Sea pollution protestors gathered on a wet and windy Falmouth beach today to welcome clean seas and river campaigner Feargal Sharkey, former frontman of the Undertones.
Feargal Sharkey arrived on Gyllyngvase Beach as part of his ‘Stop the Sh*t Show’ nationwide tour to highlight the issue of pollution in Britain's waterways.
Mr Sharkey, the President of SERA, Labour’s Environment Campaign, met Jayne Kirkham, the Labour Party MP candidate in Truro and Falmouth, as well as members of protest groups including wild swimming group The Blue Tits and Surfers Against Sewage as well as traditional Fal oyster fisherman Chris Ranger.
Feargal is doing the tour as part of his support for Labour in his campaign against the dumping of raw sewage by the water companies in seas and rivers and a crackdown on huge pay outs to bosses and shareholders.
He told the Packet it was really the people such as protestors in Falmouth who were driving change rather than him.
“I am doing nothing but helping raise in a slightly louder voice awareness of people like Surfers’ Against Sewage and likewise swimmers in Falmouth and people that have been out there doing this, building this and drawing attention to it,” he said.

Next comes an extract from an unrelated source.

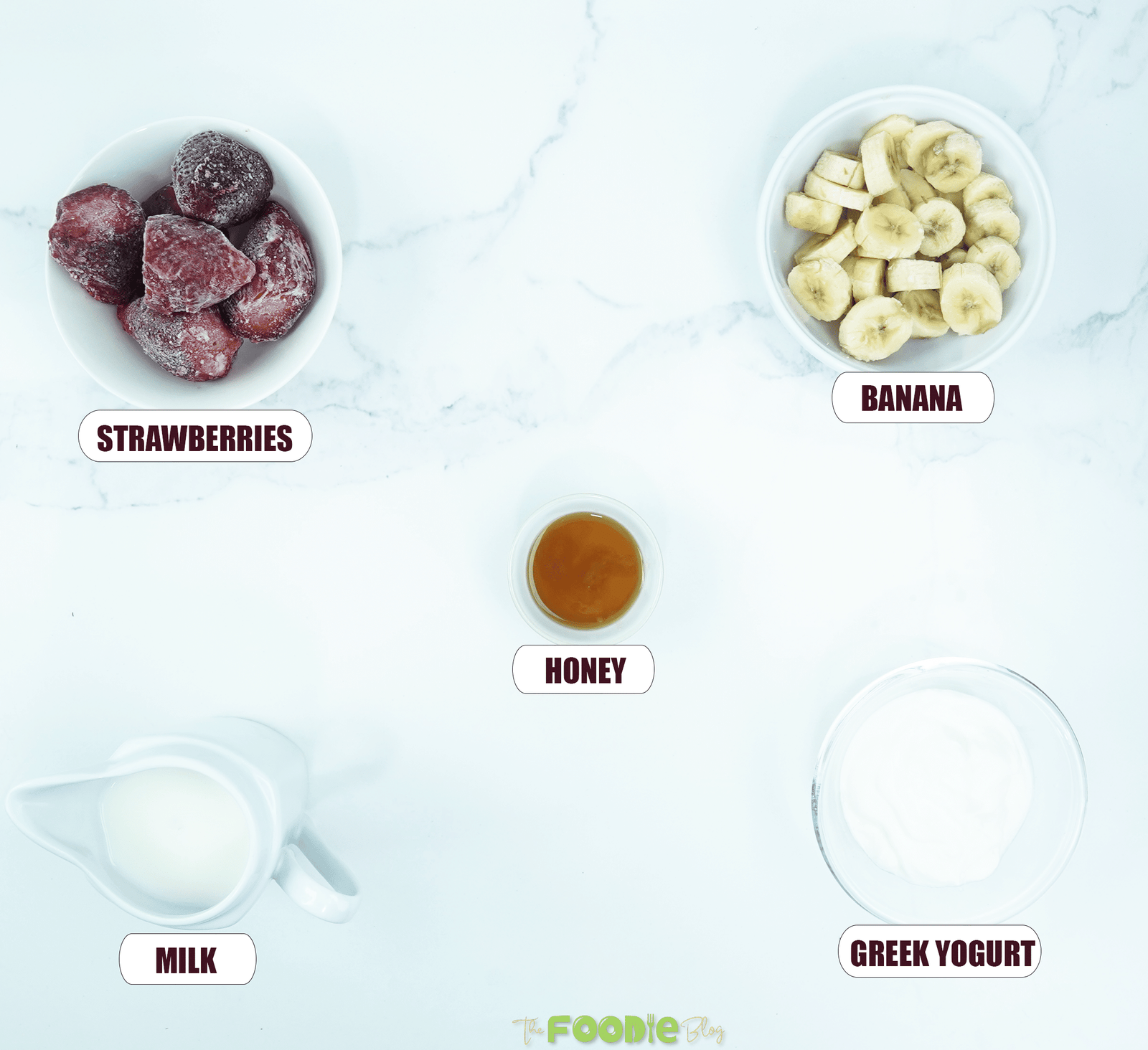 Ingredients for strawberry banana smoothie including strawberries, banana, honey, milk, and Greek yogurt arranged on a light surface
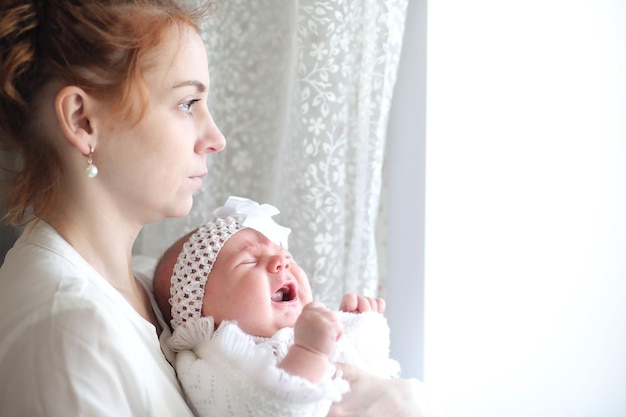 Hermosa joven madre y su bebé recién nacido en sus brazos de pie junto a la ventana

“They’re the ones that should be getting a round of applause and all the praise because they’re the ones that have actually done all the work and they’re the ones as voters that can change the whole situation in three weeks’ time come July 4.”
He added: “This always was and always will be about people power. People think they have a small voice, but it is wild swimmers in Falmouth that have proved, swimmers in Plymouth that have proved and Surfer’s Against Sewage that have proved that when that small mouse squeaks it can become a Lion’s roar and if you’re the government you better watch out mate because it will kick you out of power.”
Sarah Walsh who set up the Blue Tits Wild Swimmers Club in Cornwall five years ago told the Packet she now had 20 swim groups throughout Cornwall and also set up a group called “Sh*t Free Seas” and was glad to welcome Feargal to Falmouth.
“It’s absolutely incredible, he’s such an eloquent speaker and so passionate about clean waterways generally,” she told the Packet.
She said pollution has become “absolutely horrendous” throughout the whole if the UK in the last few years.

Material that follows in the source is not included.